**Task instructions:** Leaving out every picture, copy the lines of the material below exactly, from the line containing "Royal Pamela Hotel 3*" through the line containing "54 Glade Road, East Hampton, NY 11937".

**Dataset records:**
>>>>
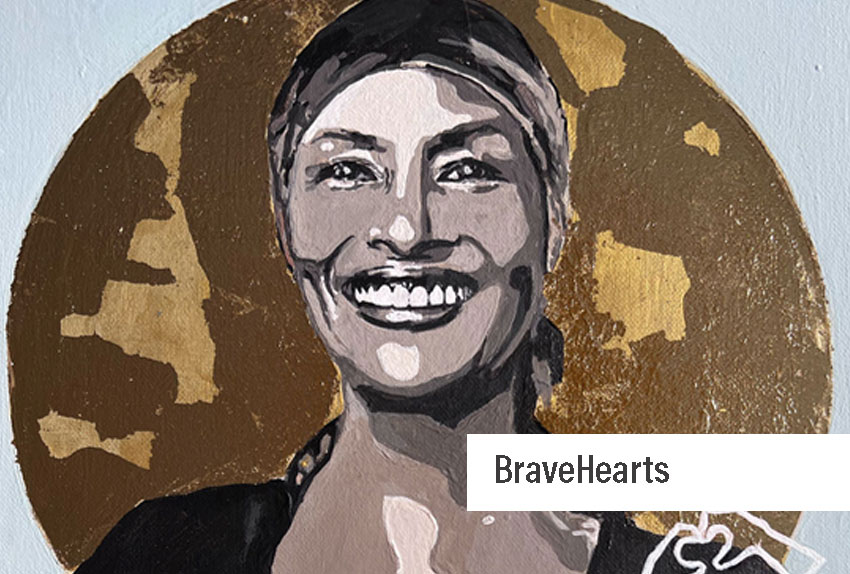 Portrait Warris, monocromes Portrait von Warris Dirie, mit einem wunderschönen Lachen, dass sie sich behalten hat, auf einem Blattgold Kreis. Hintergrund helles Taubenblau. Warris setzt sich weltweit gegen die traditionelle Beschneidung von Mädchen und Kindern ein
<<<<
>>>>
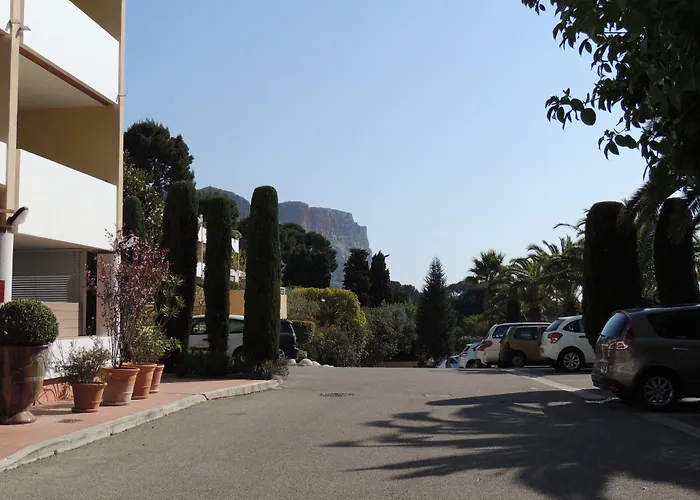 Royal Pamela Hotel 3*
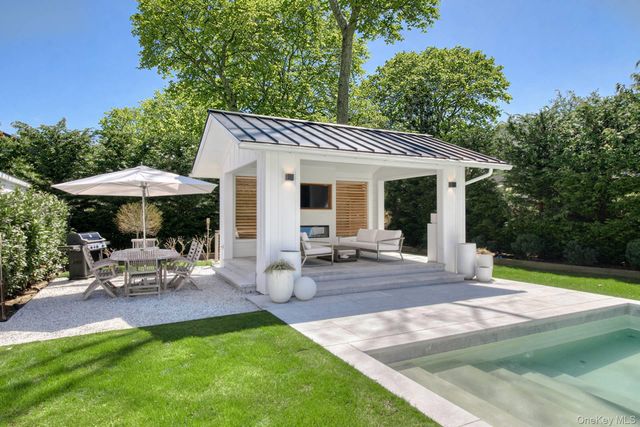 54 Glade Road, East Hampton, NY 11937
<<<<
>>>>
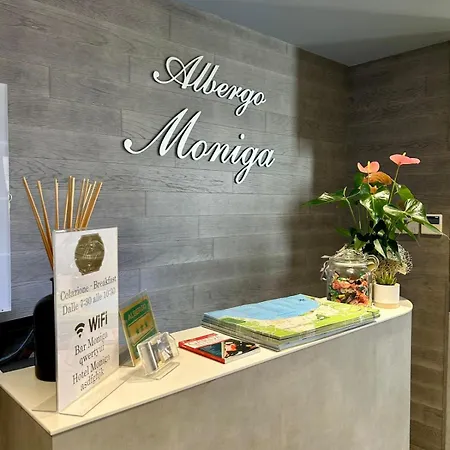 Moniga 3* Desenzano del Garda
<<<<
**Written solution:**
 Royal Pamela Hotel 3*
 54 Glade Road, East Hampton, NY 11937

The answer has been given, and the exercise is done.